Introduction

H. pylori eradication is strongly recommended in all patients with atrophic gastritis and peptic ulcer disease, but may also benefit subgroups of patients with dyspepsia, and patients who start with NSAID therapy [16]. H. pylori eradication therapy is an important component of guidelines concerning these patients [7, 8].

Currently, non-invasive management strategies and the widespread shortage in endoscopic capacity insure that many patients with H. pylori are managed without upper gastrointestinal endoscopy. The American College of Gastroenterology recommends that when an endoscopy is not performed, a serological test, which is the least expensive means of evaluating for evidence of H. pylori infection, should be done [9]. When endoscopy is indicated, biopsy specimens can be taken for microscopic demonstration of the organism, culture, histology or urease testing. Nowadays, in the Netherlands, biopsies are not routinely sent for culture and susceptibility testing of the infecting strain because of the high costs.

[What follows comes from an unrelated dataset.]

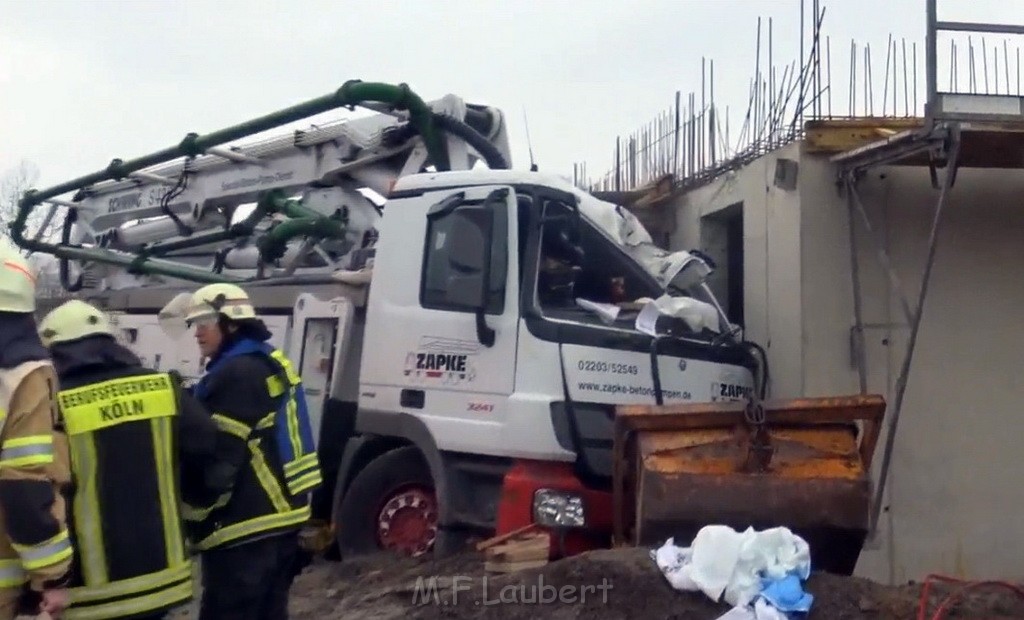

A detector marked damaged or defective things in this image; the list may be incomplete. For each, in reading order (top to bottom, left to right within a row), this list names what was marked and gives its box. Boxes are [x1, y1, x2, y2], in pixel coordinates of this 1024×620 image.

rusty metal container [612, 394, 884, 572]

Apart from patient compliance, resistance of Helicobacter pylori to antibiotics can decrease the success of H. pylori eradication therapy. Regimens of choice for eradication of H. pylori should be guided by local antibiotic resistance rates. In the Netherlands, the overall prevalence of resistance to clarithromycin and metronidazol was lower than in some surrounding countries possibly due to restrictive use of antimicrobials [1012]. The advised treatment in the Netherlands consists of a proton pump inhibitor (PPI)-triple therapy for 7 days without prior susceptibility testing. An increase of resistance rates to antimicrobial agents is however expected because increasing number of patients treated and increasing consumption of antibiotics, in particular macrolides, was observed in recent years [13].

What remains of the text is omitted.